I need this device to record light intensity at the surface of a body of water, and then again when it reaches the bottom, and then use those variables to calculate its depth. It will then need to use that depth to calculate what the light intensity WOULD be at that depth given a hypothetical surface light intensity, and then maintain that light intensity by activating a set of LEDs when ambient light intensity falls below that threshold.
I've managed to get the mathematical operations worked out on my own, but the trouble is that I am now trying to call these functions used to initially calculate depth and intensity within loop(), which means the device is perpetually trying to recalculate depth based on a light intensity that is not changing, fooling itself into thinking that its depth is 0m, and then emitting too much light.

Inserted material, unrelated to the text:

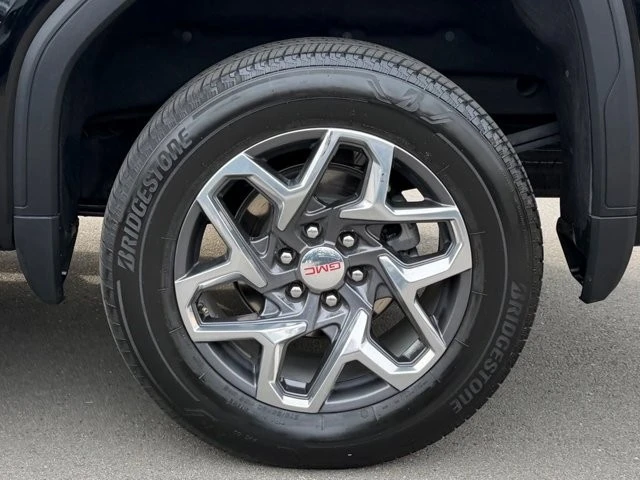 2023 GMC Sierra 5th Gen - Image 12 of 21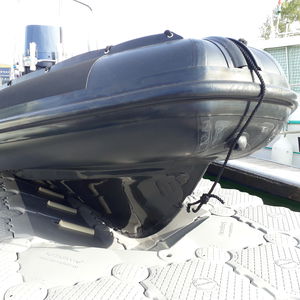 schwimmender Ponton / zur Trockenlagerung / für Yachthäfen / Kunststoff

I have tried using flag variables (i.e. bool alreadyRun = false, etc.), but the problem is that, insofar as I have seen, float variables (which I used for depth and light intensity) can't be called outside the scope of an if statement, let alone a separate function.
Effectively, I need the device to calculate its depth and the light intensity it should maintain ONCE, but I need to be able to apply the results of these calculations in loop(). Does anyone have any suggestions as to how I might accomplish this?